Insieme a Treblinka e Bełżec, Sóbibor è stato uno dei tre campi di concentramento nell’ambito dell’Operazione Reinhard, nome in codice dato dai nazisti al progetto di sterminio degli ebrei in Polonia.
Inoltre Sóbibor è famoso ai più anche per essere stato l’unico campo di concentramento in cui si è concretizzato il tentativo di ribellione dei prigionieri ebrei. Il 14 ottobre 1943, infatti, circa metà dei 600 internati riuscirono a fuggire dopo aver ucciso 11 guardie delle SS tedesche; tuttavia la gran parte venne ripresa e fucilata nei giorni successivi, ma una cinquantina di prigionieri riuscirono a sopravvivere allo sterminio.
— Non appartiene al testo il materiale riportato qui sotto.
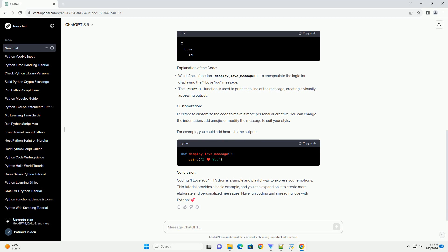After executing the script, you should see the following output in the console.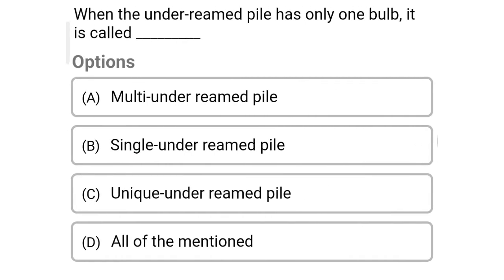So next question: when the under-reamed pile has only one bulb, it is called — option A: multi under-reamed pile, option B: single under-reamed pile, option C: unique under-reamed pile, option D: all of mention. So the correct answer is option B: single under-reamed pile.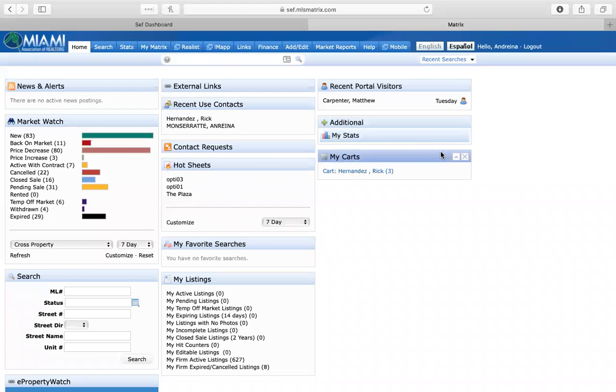Good morning guys. Today we're going to learn how to submit a brand new open house on the MLS.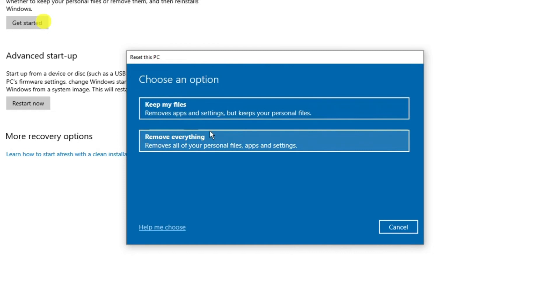You can choose to remove everything if you want as well but I would recommend just doing the top option to keep your files just so it keeps your personal files.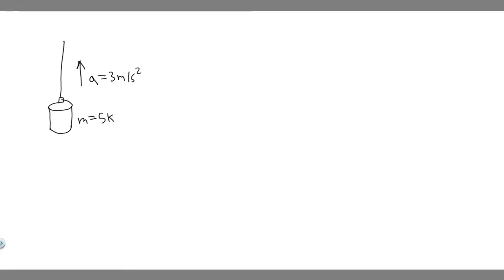In this problem, we're told a 5-kilogram bucket of water is raised from a well by a rope. The upward acceleration of the bucket is 3 meters per second squared. Find the force exerted by the rope on the bucket.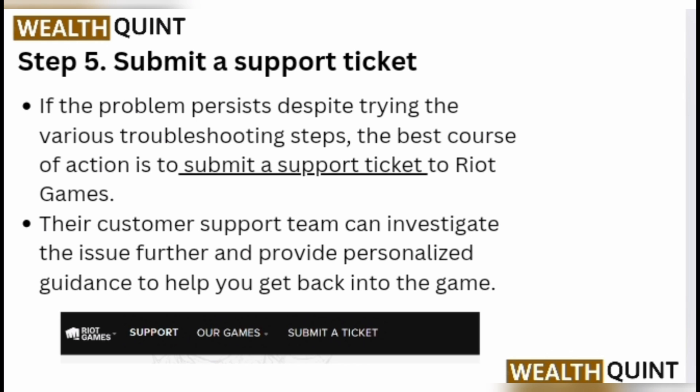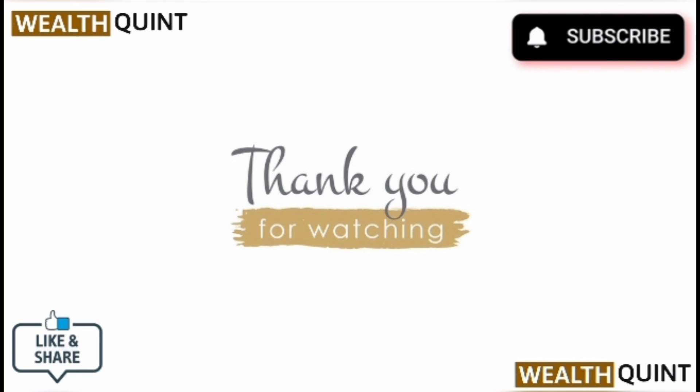Step 5: submit a support ticket. If the problem persists despite trying the various troubleshooting steps, the best course of action is to submit a support ticket to Riot Games. The customer support team can investigate the issue further and provide personalized guidance to help you get back into the game.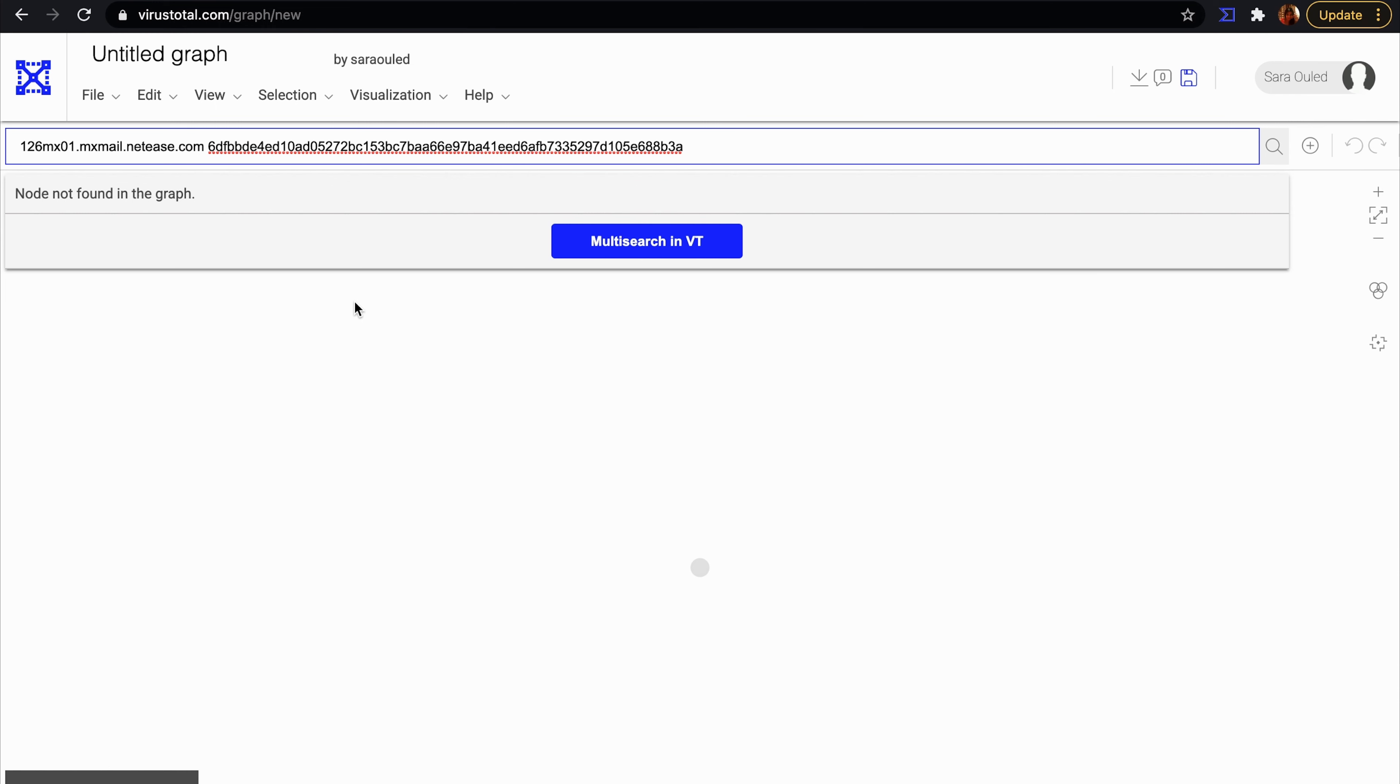In this example, we have this hash and this domain. Let's paste them in VTGraph and see how they are connected.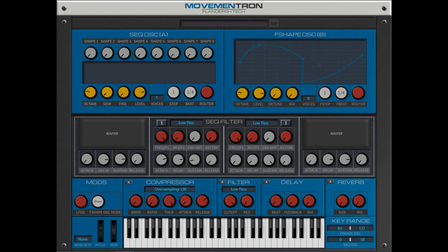Flanders Tech has released Movement Ron, a synth and sample player built around step sequencing and modulation. It includes two oscillator modes with individual key range and polyphony settings, a sequenced oscillator, and a customizable oscillator, dual-step filters, and a master effect section.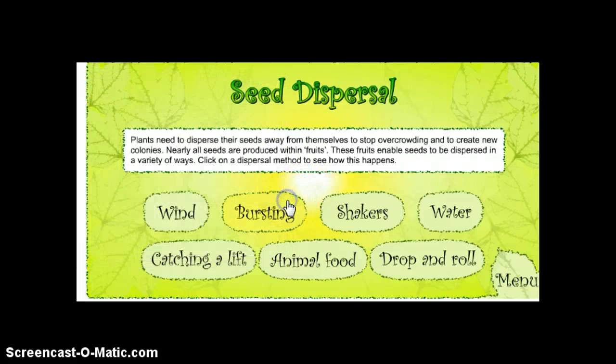If we click on these other examples, such as bursting, shakers, water, catching a lift, animal food, and drop and roll, the students are going to see other ways of how seeds disperse. This is a great way to get students excited and to get them to listen, because they love the use of technology. I hope you enjoyed my lesson, and please feel free to look at my lesson plan to see the other things that go with this lesson. Have a great day.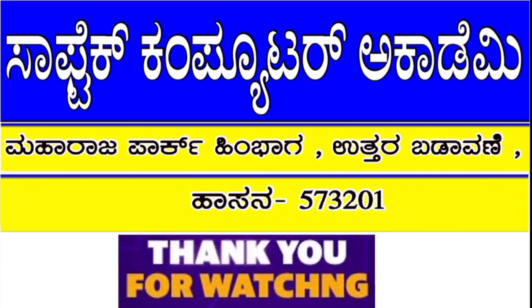Thank you for watching. Please subscribe to my channel, like the video and share the video. Thank you.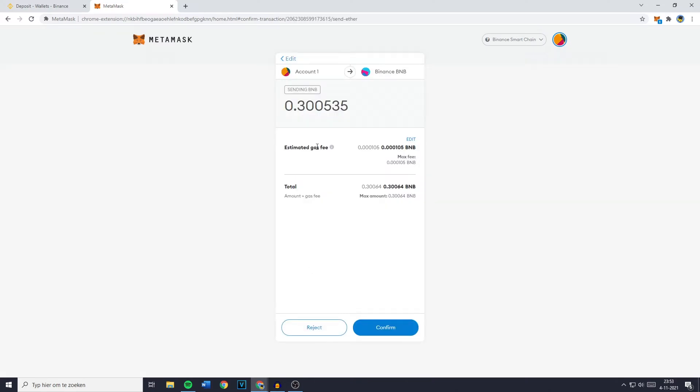You'll then see the estimated gas fee and the total so the amount plus the gas fee. Once you have double checked the information the last and final thing you need to do is to click on confirm.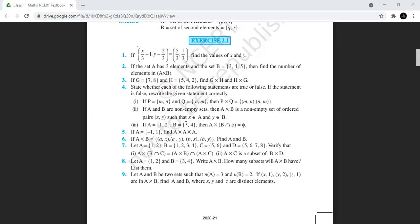The third statement: A={1,2} and B={3,4}, find A×(B∩∅). As soon as you see B∩∅, the intersection of any set with the null set is also the null set. So practically we are finding A×∅, and if one set is the null set then the cross product also comes out to be the null set. This statement is also true.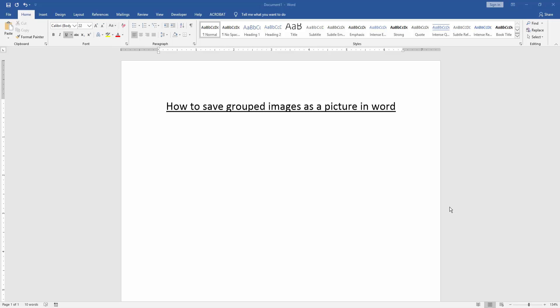In this video, I am going to show you how to save grouped image as a picture in Microsoft Word. Let's get started.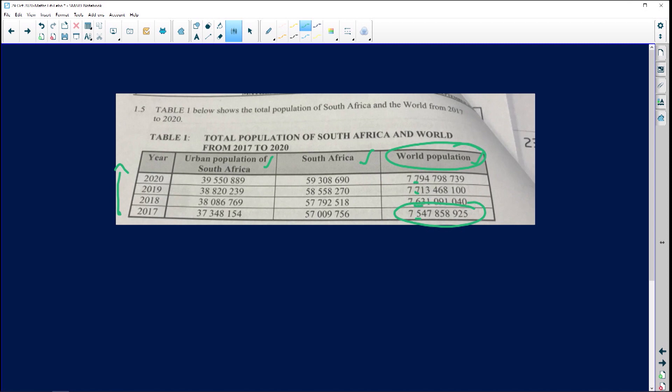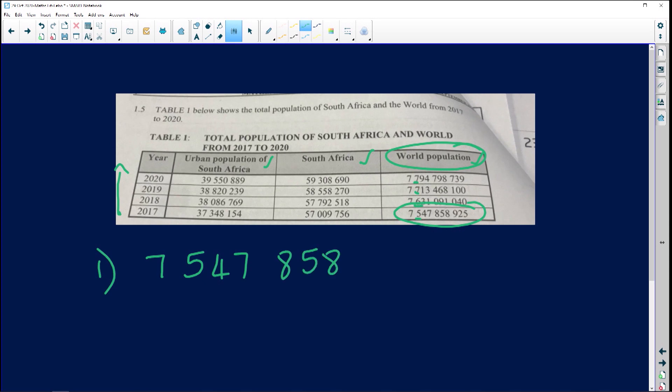I'm so proud of myself! So the lowest world population is seven billion, five hundred and forty seven million, eight hundred and fifty eight thousand, nine hundred and twenty five. That's the lowest world population.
I nazisti decisero perciò di chiudere e smantellare il campo, e cercarono di occultare il luogo piantando centinaia di alberi.
Sessantanove anni dopo l’archeologo israeliano Yoram Haimi, dopo aver scoperto che due dei suoi zii vennero uccisi nel campo di concentramento polacco, ha deciso di avviare uno scavo e in cinque anni è riuscito a ricostruire una mappa del campo di sterminio, portando alla luce migliaia di oggetti che hanno permesso di identificare alcune delle vittime senza nome di quell’orrendo massacro.
L’abbondante concentrazione di ceneri, inoltre, ha portato lo studioso a concludere che il numero di morti a Sóbibor sia notevolmente maggiore di quanto finora supposto.
Basandosi sui detriti e sui percorsi sul terreno, inoltre, Haimi è riuscito a dedurre dove erano posizionati i pali che sostenevano le barriere di filo spinato del campo. In questo modo è stato possibile ricostruire un altro importante percorso, quello che i tedeschi chiamavano Himmelfahrstrasse (“strada per il Paradiso”): il percorso che i prigionieri seguivano per entrare nelle camere a gas, rendendo vano il tentativo nazista di nascondere la loro esistenza.